**Work instructions:**
When you reach the line with "Snapshot of aurora_golden", transcribe it and each line after it through the last one below, exactly. Pictures stay out.

[[ Given data open ]]

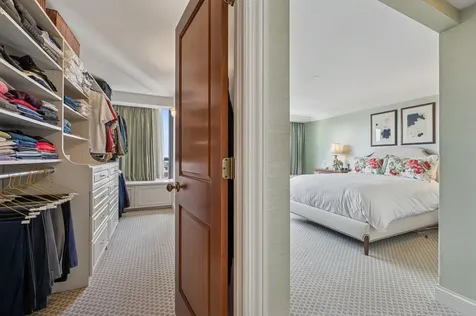 1313 North Ritchie Court Chicago IL 60610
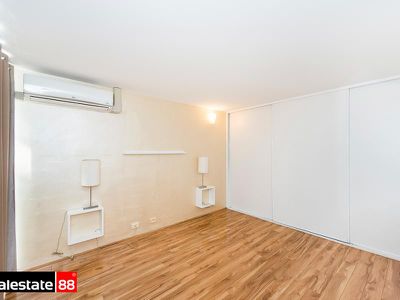 3 Little Saunders Street, East Perth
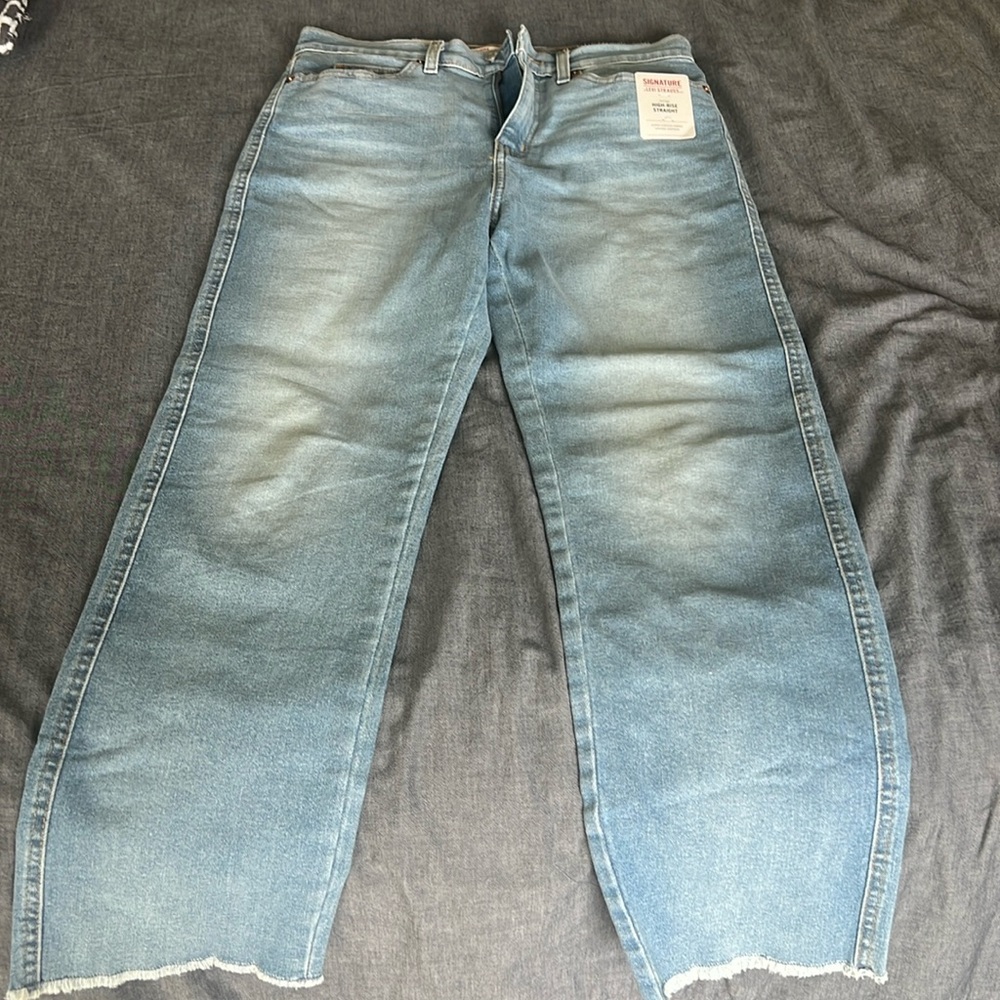 Women Levi jeans. New with tag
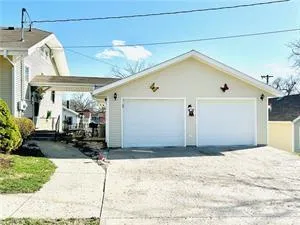 $245,000 | 406 South Mulberry Street, Maryville, MO 64468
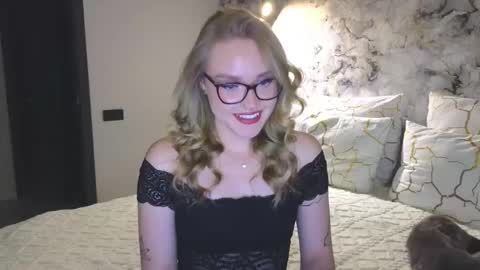 Snapshot of aurora_golden chatting on 28, 9, 2025 Kate online show from 28, 9, 2025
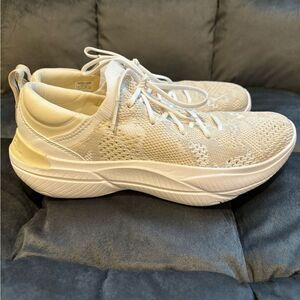 New Sorel Explorer Blitz shoes. Size 8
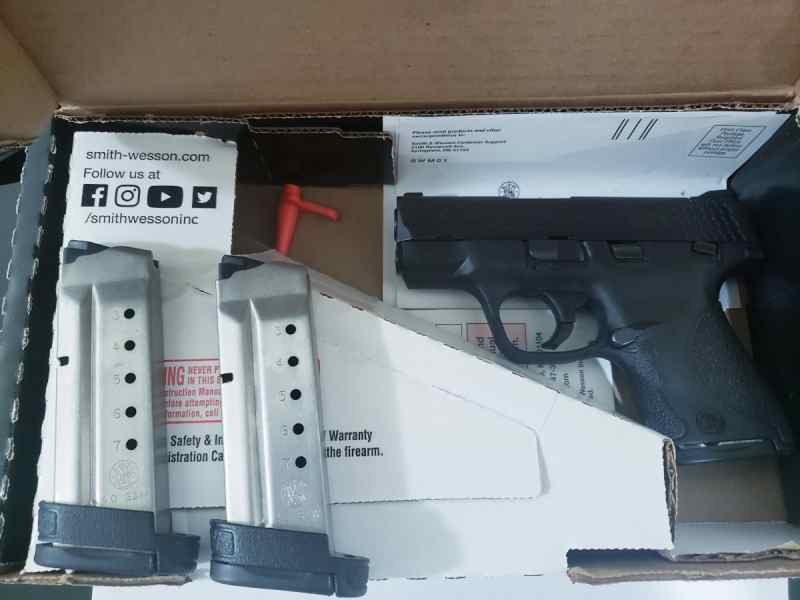 Smith and Wesson M&amp;P Shield 40 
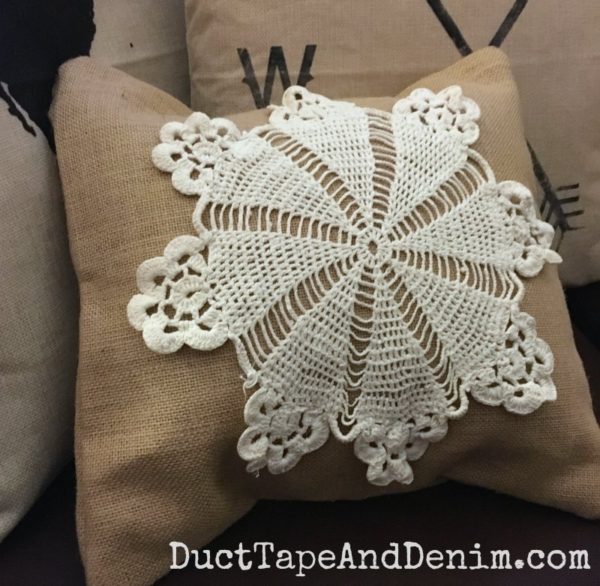 Tutorial: Doily and burlap pillow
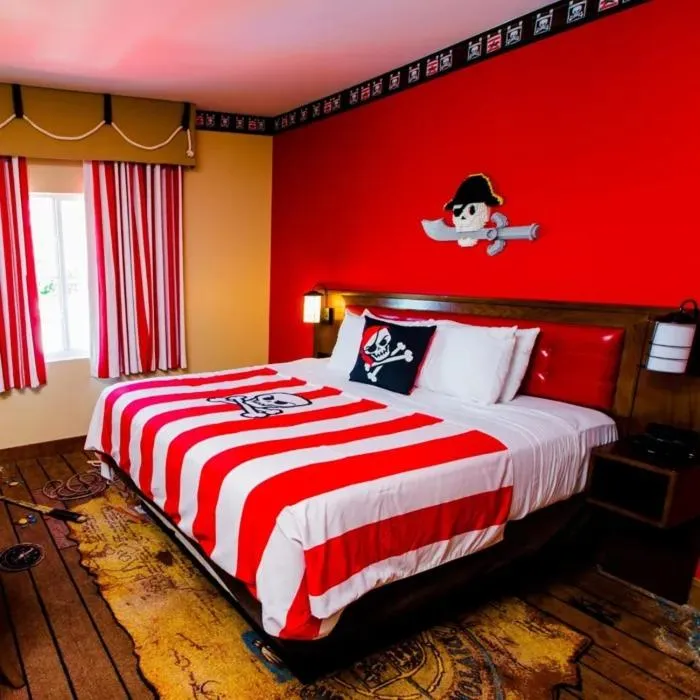 Bedroom, Bed in LEGOLAND California Hotel and Castle Hotel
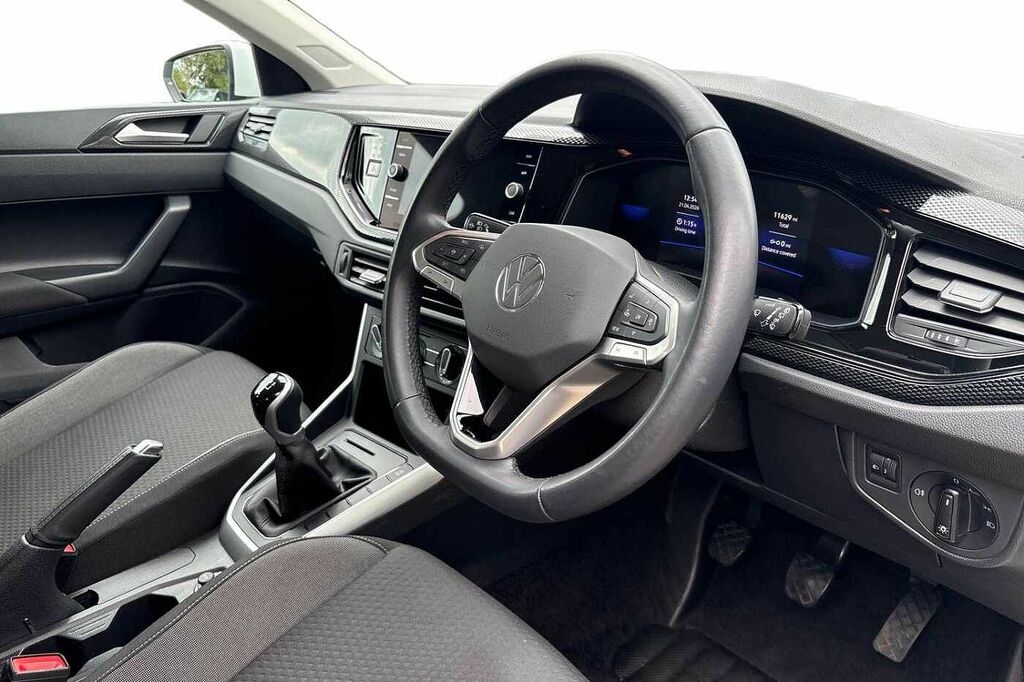 Volkswagen Polo 1.0 Tsi Life LT24YLY White #6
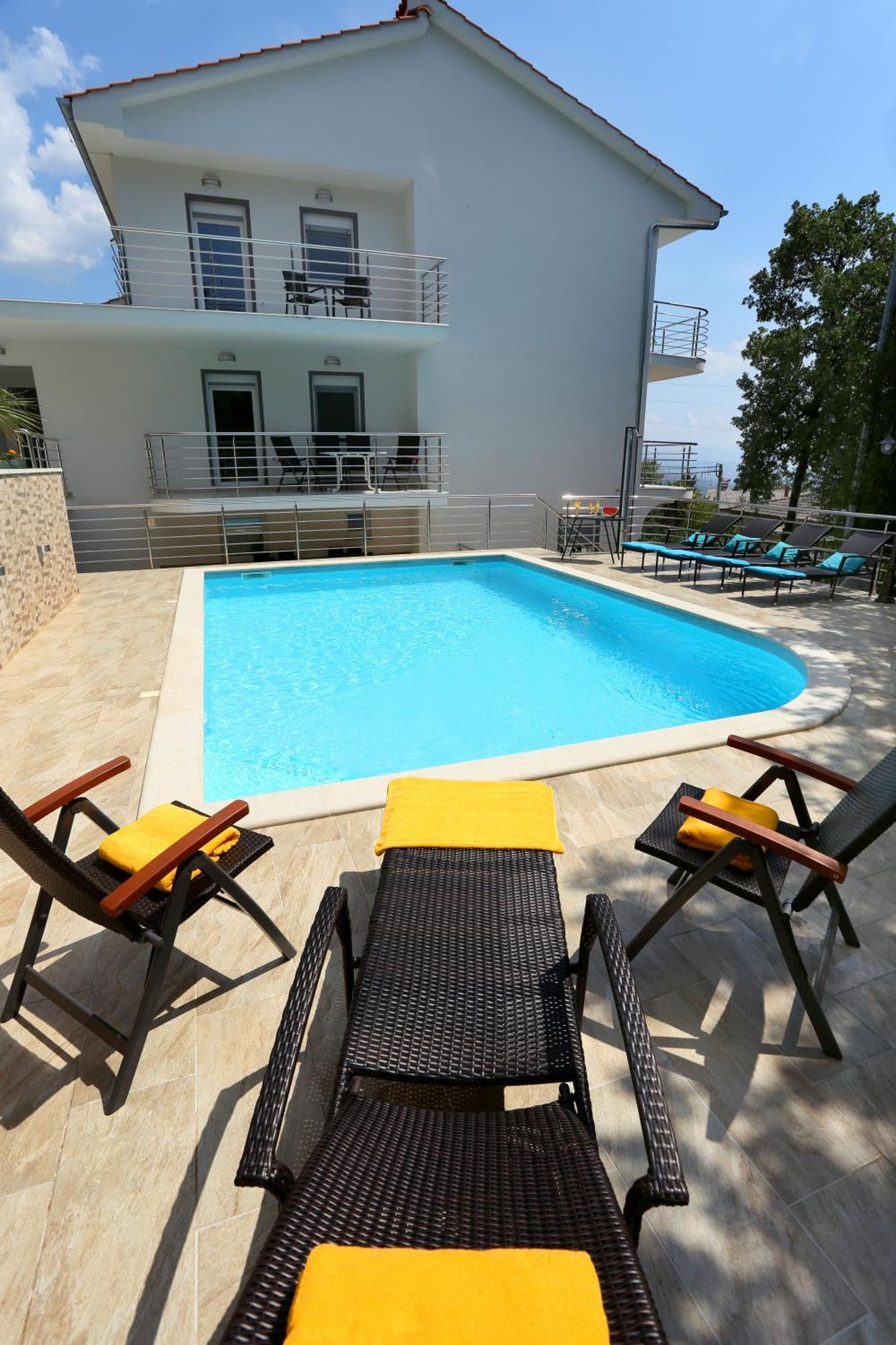 Villa Dragi With Pool, Sauna, & Whirlpool Opatija Quarto foto
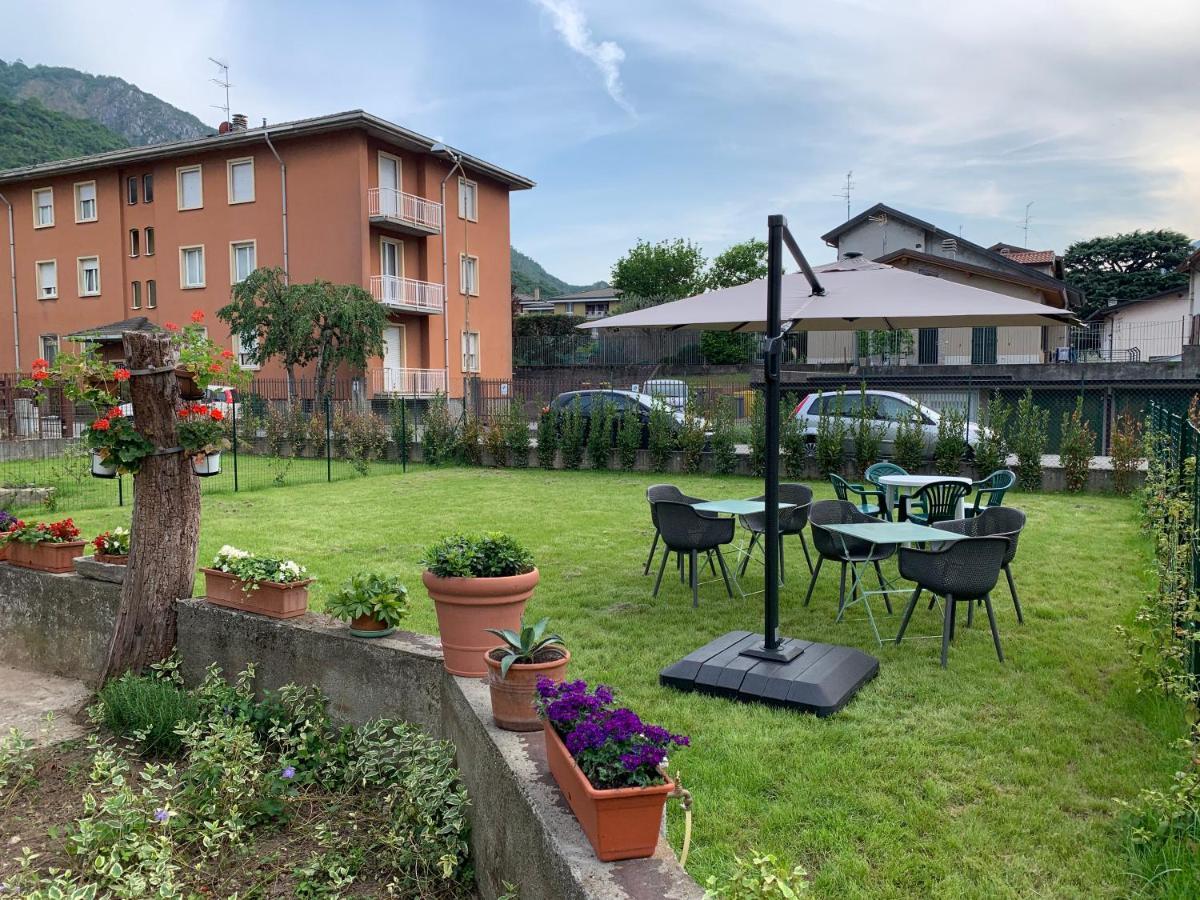 Acchiappasogni Holiday House Malgrate Bagian luar foto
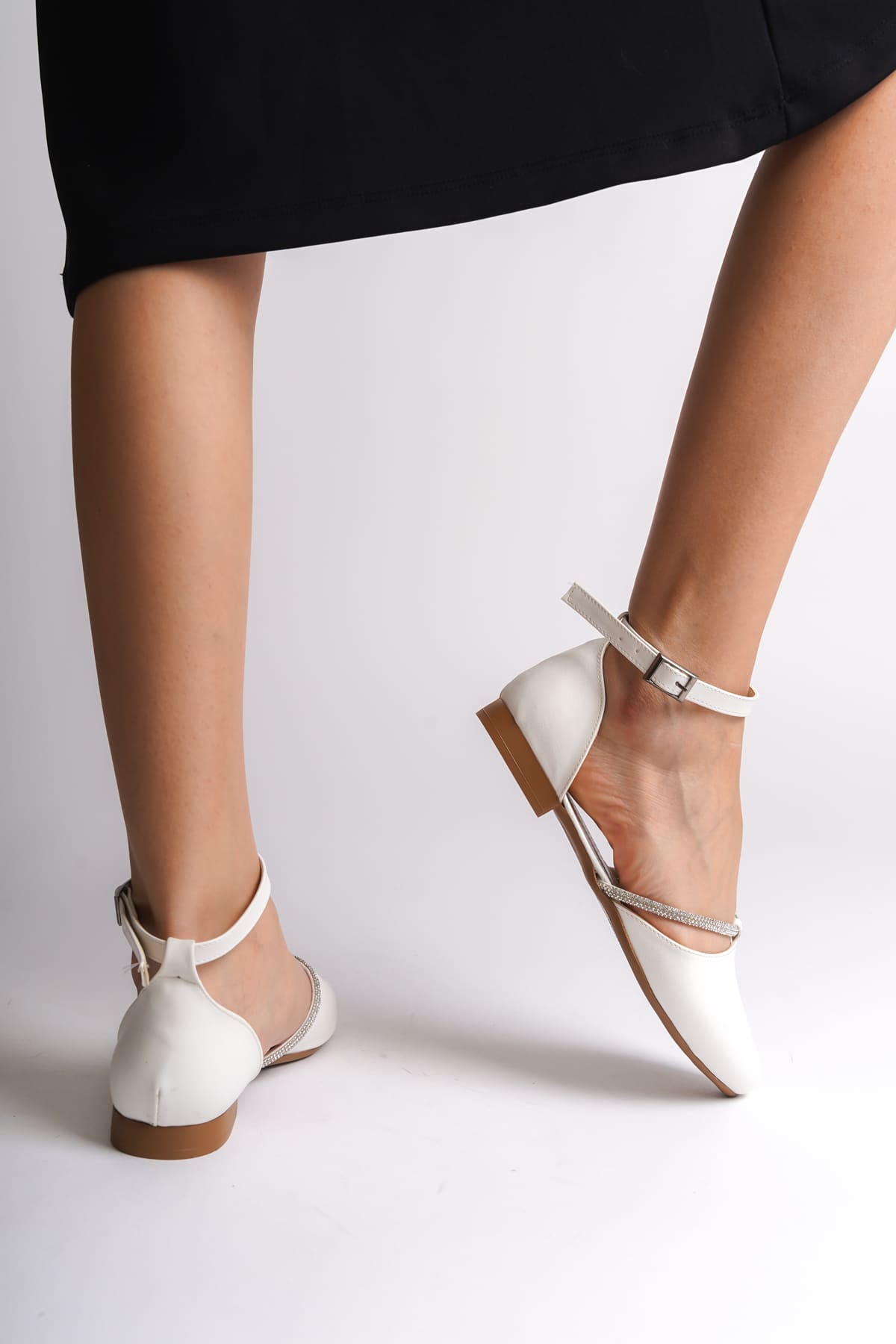 Lisinya948  Tokalı Ortopedik Rahat Taban Taş Detaylı Kadın Babet Ayakkabı KT Beyaz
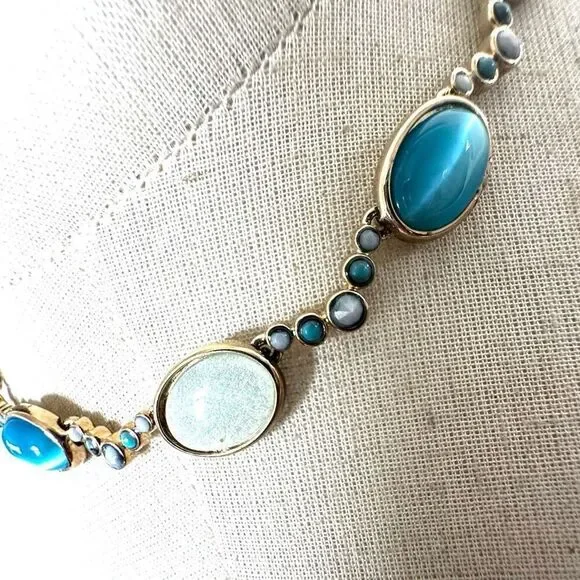 Blue green gold tone beaded necklace - Picture 3 of 7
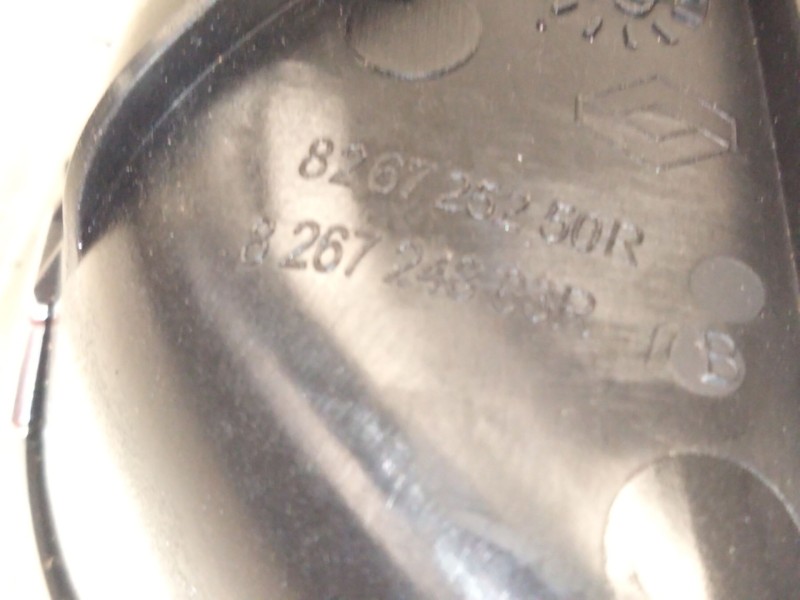 Recambio de maneta interior delantera derecha para renault grand scénic iv (r9_) 1.3 tce 140 referencia OEM IAM 826725250  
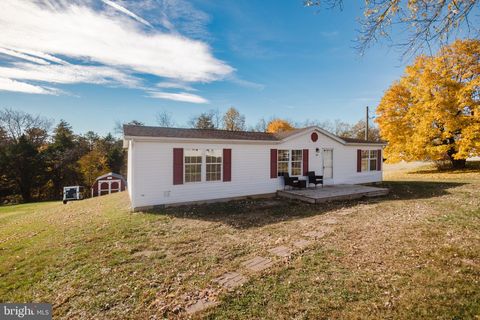 1307 THREE RUN ROAD BUNKER HILL WV 25413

[[ Given data closed ]]

**Answer to the problem:**
 Snapshot of aurora_golden chatting on 28, 9, 2025 Kate online show from 28, 9, 2025
 New Sorel Explorer Blitz shoes. Size 8
 Smith and Wesson M&amp;P Shield 40 
 Tutorial: Doily and burlap pillow
 Bedroom, Bed in LEGOLAND California Hotel and Castle Hotel
 Volkswagen Polo 1.0 Tsi Life LT24YLY White #6
 Villa Dragi With Pool, Sauna, & Whirlpool Opatija Quarto foto
 Acchiappasogni Holiday House Malgrate Bagian luar foto
 Lisinya948  Tokalı Ortopedik Rahat Taban Taş Detaylı Kadın Babet Ayakkabı KT Beyaz
 Blue green gold tone beaded necklace - Picture 3 of 7
 Recambio de maneta interior delantera derecha para renault grand scénic iv (r9_) 1.3 tce 140 referencia OEM IAM 826725250  
 1307 THREE RUN ROAD BUNKER HILL WV 25413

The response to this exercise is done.